Aligned in the depth, and also at the surface
One of the simple inquiries Adyashanti suggests is to (a) identify wants (needs, wishes, motivations) and (b) explore what we hope to get out of it, continuing until we find what appears to be the seed motivation, the one that is a goal in itself.
Finding the seed motivation
For me, it seems that no matter what I start with, from the most mundane to the embarrasing to the elevated motivations and wishes, I see that their seed motivation is to be free from suffering, and find happiness.
And seeing the many manifestations of the seed
The layer just outside of this seed includes (a) being free from pain, a sense of separation, having what I don't want and not having what I want, a sense of not being in the right place, a sense of loss and lack, of being finite in time so subject to birth and death, of being finite in space so subject to the whims of the myriad other objects, and (b) wanting a sense of belonging, of being home, of safety, of contentment.

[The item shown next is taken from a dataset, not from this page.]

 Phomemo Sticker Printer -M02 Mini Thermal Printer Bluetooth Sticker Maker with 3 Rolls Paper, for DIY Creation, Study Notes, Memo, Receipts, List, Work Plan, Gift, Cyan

Already aligned, and also aligned in conscious experience
Exploring surface motivations in this way, one by one, I find that they are always aligned in their depths. They all come from the same seed motivation. And through this exploration, through bringing this into awareness in a genuine way, through a sincere exploration, they also become aligned in my surface awareness. Awareness is brought to the seed, so they are aligned also at surface awareness.
Ease and simplicity
There is a sense of ease and simplicity around this as well. Finding the seed motivation behind each of the many surface motivations gives a sense of simplicity. And seeing that they all are already aligned gives a sense of ease.
There may is still the deliberation between choices in daily life, but now knowing that they are already aligned, they all are from the same seed motivation, and this allows a good deal of the drama to fall away. The appearance of internal war and struggle goes.

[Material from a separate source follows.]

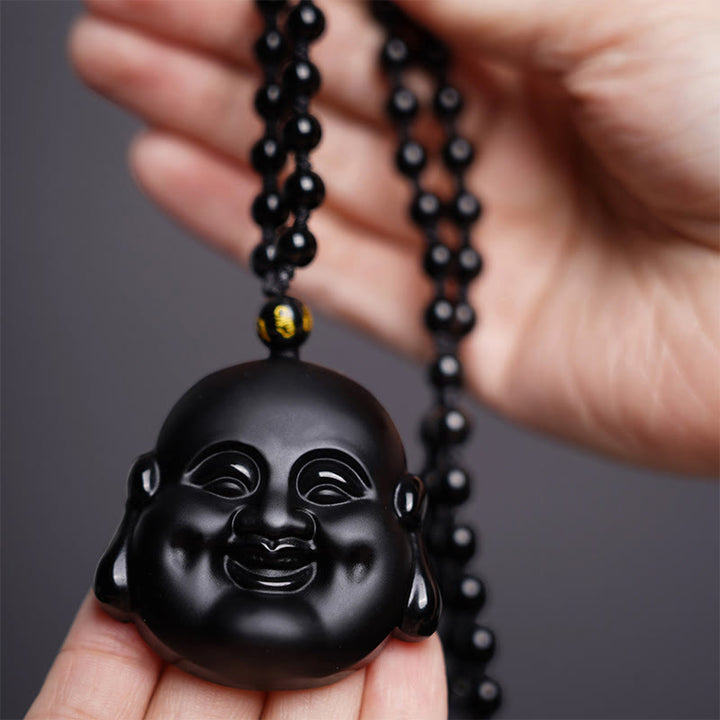 Buddha Stones Collar Colgante de Purificación de Buda Riéndose de Obsidiana Negra Natural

Seeing it here, and also there
So there is not only an immediate sense of the same seed motivation behind all the many and varied motivations surfacing in my daily life, but there is also a sense of the same with others. I see others having many different motivations and acting on them, and there is a felt sense of how they too want freedom from suffering, and happiness. This too takes a great deal of the drama out of it.

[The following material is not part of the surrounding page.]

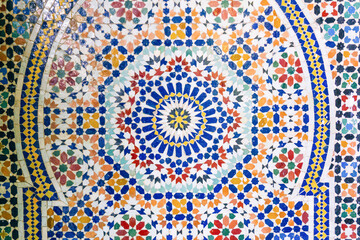 Arabic pattern background, oriental islamic ornament. Moroccan tile, or Moroccan zellij - traditional mosaic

The inner mirroring the outer
As long as I am not familiar with the seed motivations of my many surface motivations, I'll experience a struggle among them. And I will also experience a struggle between my own surface motivations and those of others.
Being familiar with my own seed motivations, it becomes effortless to also see them in others (or something similar), and see that we are all in the same boat.
The sense of struggle and drama goes out of it, internally and in relationship with others, although there are still choices made, still negotiations and explorations, still deliberations and sometimes not the apparently ideal options and resolutions.
Partial and deepening resolution
Of course, as long as there is a sense of I and Other, there will also be a sense of struggle and drama, but it is at least diminished, sometimes greatly diminished, through clarifying the seed motivations.
And the more the seed motivation is not only clearly seen, but also deeply felt, in our whole being, the more thorough this resolution is. We see and feel the seed motivation behind the varied surface motivations, and the trails leading from the surface ones to the seed.
Full resolution
The only full resolution is to realize that there is no I here in this human self, no I anywhere in all of form or anywhere else. There is just the field of awake emptiness and form, inherently absent of I anywhere, and now awake to itself as a field. There is no center. There is no doer, only the doing.
This human self, as anything else in the world of form, just happens. Arising here now in always fresh, new, different ways. Always new and fresh expressions of Spirit, absent of I anywhere.